RDNA 3’s chiplet strategy offers an alternative approach. 3D stacking is avoided in favor of putting cache on memory controller dies (MCDs), which use an interposer to get enough cross-die bandwidth. We saw earlier that Intel’s L2 isn’t too much faster than RDNA 3’s Infinity Cache. Certainly RDNA 3’s approach is not without compromises because it’ll make cache bandwidth more difficult to scale. But not all workloads will be bound by last level cache bandwidth, especially with 512 KB L1 caches in play. And higher clock speed could let PVC narrow the performance gap with AMD’s MI210.
Final Words: A Foot in the Door
Compute GPUs like Nvidia’s H100 and AMD’s MI210 push the boundaries of how fast we can process information and are among the most complex chips around. AMD and Nvidia are where they are today thanks to decades of experience building large GPUs. Intel may have a lot of money and good engineers, but they don’t have the same experience. Short of a miracle, their journey to build a big GPU will be an arduous one.

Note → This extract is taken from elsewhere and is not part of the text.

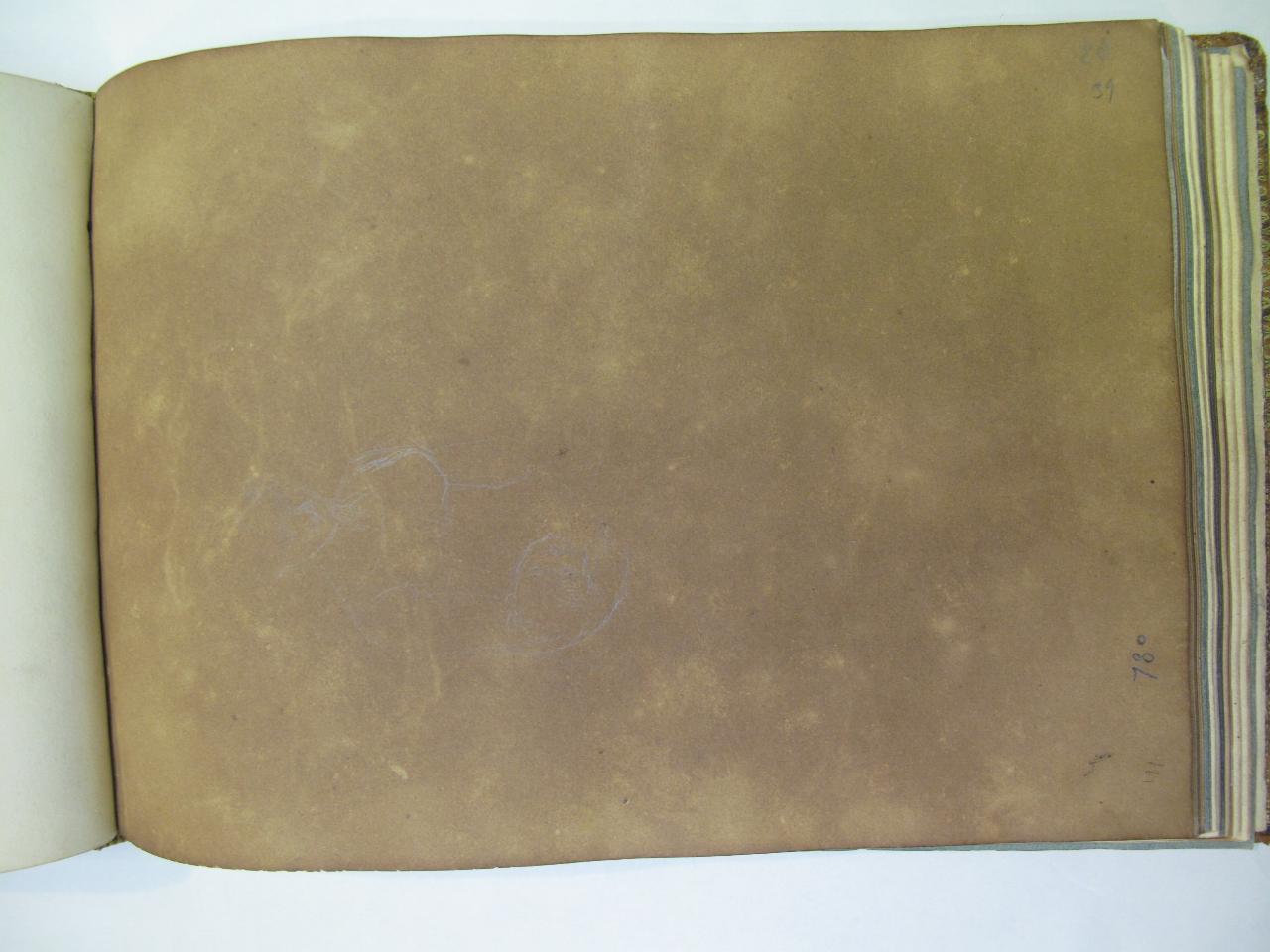 Schizzo di maternità, nudo femminile (disegno) di Hayez, Francesco (primo quarto||primo quarto sec. XIX||sec. XIX)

For their part, Intel made it even more arduous by using a chiplet setup with borderline insane complexity. From an outsider’s perspective, they seem to have looked at available nodes and packaging technologies, and decided all of the above would be appropriate. Doing this on any product would be risky, let alone a first entry into a new market.
Intel therefore deserves a lot of credit for not only getting the thing working, but creating a product that’s competent in isolation. Intel’s Max 1100 is a legitimately useful compute GPU capable of decent performance. It’s a far cry from the Moore Threads MTT S80, which uses a conventional monolithic die and fails to match a budget GPU from the Maxwell generation, while failing to run many games.

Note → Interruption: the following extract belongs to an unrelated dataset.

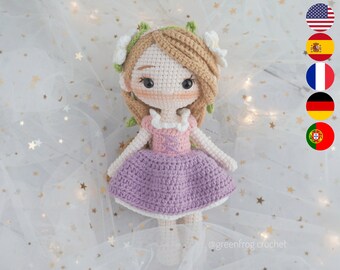 rapunzel amigurumi free pattern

Of course, Intel has their work cut out for them. Landing between Nvidia’s old P100 and V100 GPUs is not where they want to be. PVC has plenty of weaknesses that Intel has to solve if they want to move up the performance ladder. L2 cache and VRAM latency are way too high. FP64 FMA throughput is curiously low, even in a microbenchmark. For the massive die area investment, PVC doesn’t bring enough compute power to draw even with AMD’s MI210.

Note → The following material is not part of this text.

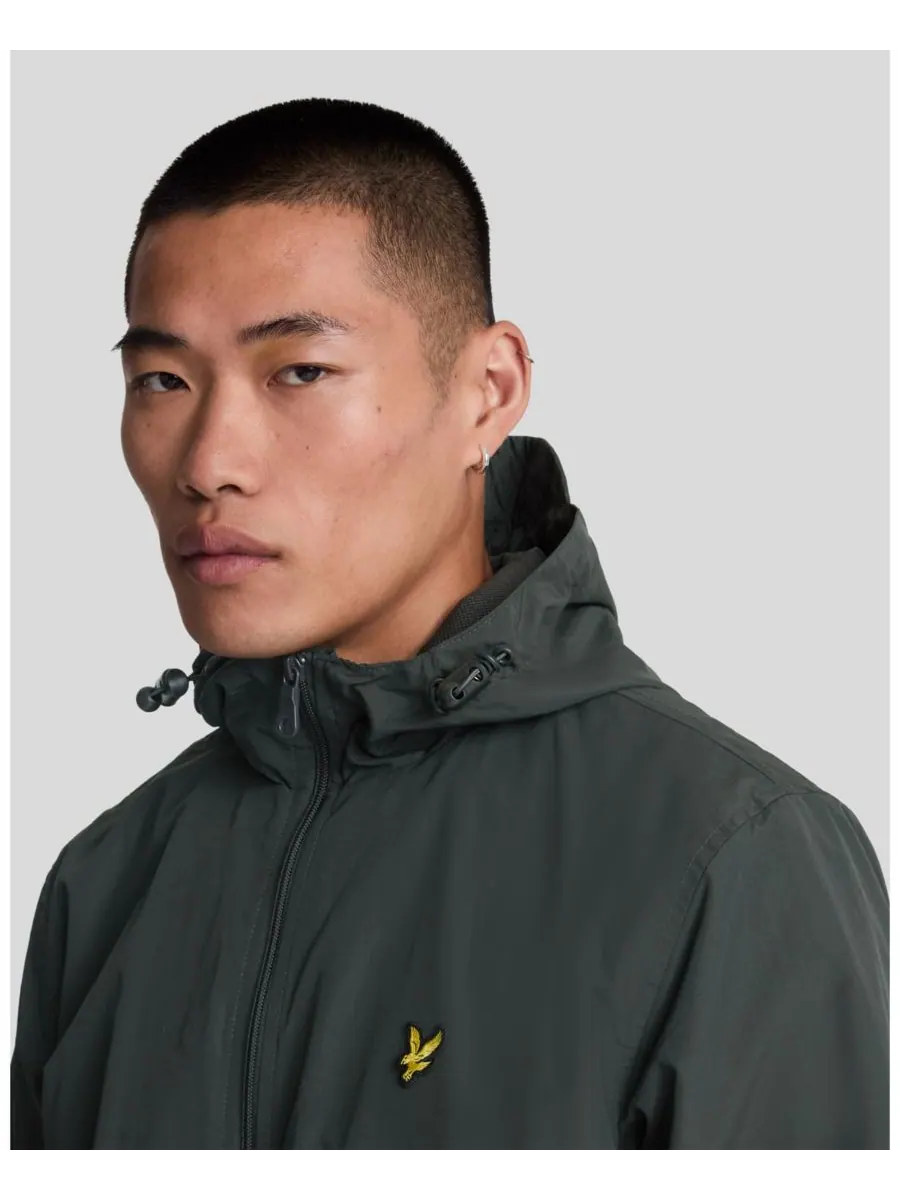 Мужская куртка с капюшоном на молнии Lyle & Scott — изображение 5 из 5, серый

With that in mind, Ponte Vecchio is better seen as a learning experience. Intel engineers likely gained a lot of experience with different process nodes and packaging technologies while developing PVC. PVC deployments like TACC’s Stampede3 and ANL’s Aurora supercomputers will give Intel real world performance data for tuning future architectures. Finally, innovations like a giant, expandable L2 cache give the Xe architecture unique flexibility.
Hopefully, we’ll see Intel take lessons and experience from Ponte Vecchio, and develop a stronger datacenter GPU in the coming years.
We would like to thank Intel for allowing us access to a Ponte Vecchio system along with answering some of our questions about Ponte Vecchio.